Tuesday, January 13, 2004

Days like this kick my ass.

Its days like this that I feel alone. I miss her so much. My soulmate, the love of my life, my perfect woman. I miss how she would tell me that everything is going to be ok and that no matter what i choose she'll stand by me. How, without speaking, she knows exactly how to ease my troubled heart and slow my racing mind. How she understands the dilemma I'm in and patiently waits with me until i can sort it out. How she can make me forget everything...everything with just one touch of her lips. How she can lay her head on my chest, allowing me to breathe her in, instantly bringing me to a peaceful slumber.

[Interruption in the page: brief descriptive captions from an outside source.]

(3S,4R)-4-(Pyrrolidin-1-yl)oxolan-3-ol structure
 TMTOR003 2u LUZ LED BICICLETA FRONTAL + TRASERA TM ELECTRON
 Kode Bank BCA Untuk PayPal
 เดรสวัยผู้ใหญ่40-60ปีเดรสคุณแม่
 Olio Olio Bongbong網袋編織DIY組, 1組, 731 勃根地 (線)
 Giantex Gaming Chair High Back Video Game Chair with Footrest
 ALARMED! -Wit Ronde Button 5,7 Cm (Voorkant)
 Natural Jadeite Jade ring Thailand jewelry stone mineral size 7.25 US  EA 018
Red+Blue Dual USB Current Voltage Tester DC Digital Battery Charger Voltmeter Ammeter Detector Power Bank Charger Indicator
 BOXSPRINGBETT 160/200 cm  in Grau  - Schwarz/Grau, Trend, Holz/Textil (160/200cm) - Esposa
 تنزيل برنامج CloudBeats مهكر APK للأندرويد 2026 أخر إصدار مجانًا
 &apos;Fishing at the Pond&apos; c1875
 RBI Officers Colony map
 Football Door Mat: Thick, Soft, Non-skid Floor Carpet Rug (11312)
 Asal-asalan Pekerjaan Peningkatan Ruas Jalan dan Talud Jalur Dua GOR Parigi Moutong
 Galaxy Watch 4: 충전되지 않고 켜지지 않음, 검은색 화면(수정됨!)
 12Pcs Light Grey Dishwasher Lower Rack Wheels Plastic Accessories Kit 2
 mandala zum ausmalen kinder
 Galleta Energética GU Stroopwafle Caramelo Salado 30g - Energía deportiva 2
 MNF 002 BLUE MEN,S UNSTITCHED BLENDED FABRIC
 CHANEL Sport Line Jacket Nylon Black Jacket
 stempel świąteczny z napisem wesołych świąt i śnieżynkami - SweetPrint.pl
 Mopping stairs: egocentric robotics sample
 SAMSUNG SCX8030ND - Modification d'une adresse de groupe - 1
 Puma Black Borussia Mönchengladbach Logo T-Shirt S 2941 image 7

But how can i miss these things when I've never met her.

It's not so much hearing about other people being in love, having their teenage romance. Or seeing couples together, doing things i can only dream of. Or listening to the love songs that i wish i could sing. It's days like this, when i have a really difficult decision to make or when i get really good news. I have no one to share the burden or the success with.
This is silly, but love is like math...Its about taking away the loneliness, adding comfort, dividing the sadness, and multiplying the joy. To never have to face a tragedy alone. To always have someone to share your success with and be proud of you, making you feel even better. This is what love should be. Not two people looking into eachother, but two people looking out together. Hand in hand, ready to take on the slings and arrows of the world.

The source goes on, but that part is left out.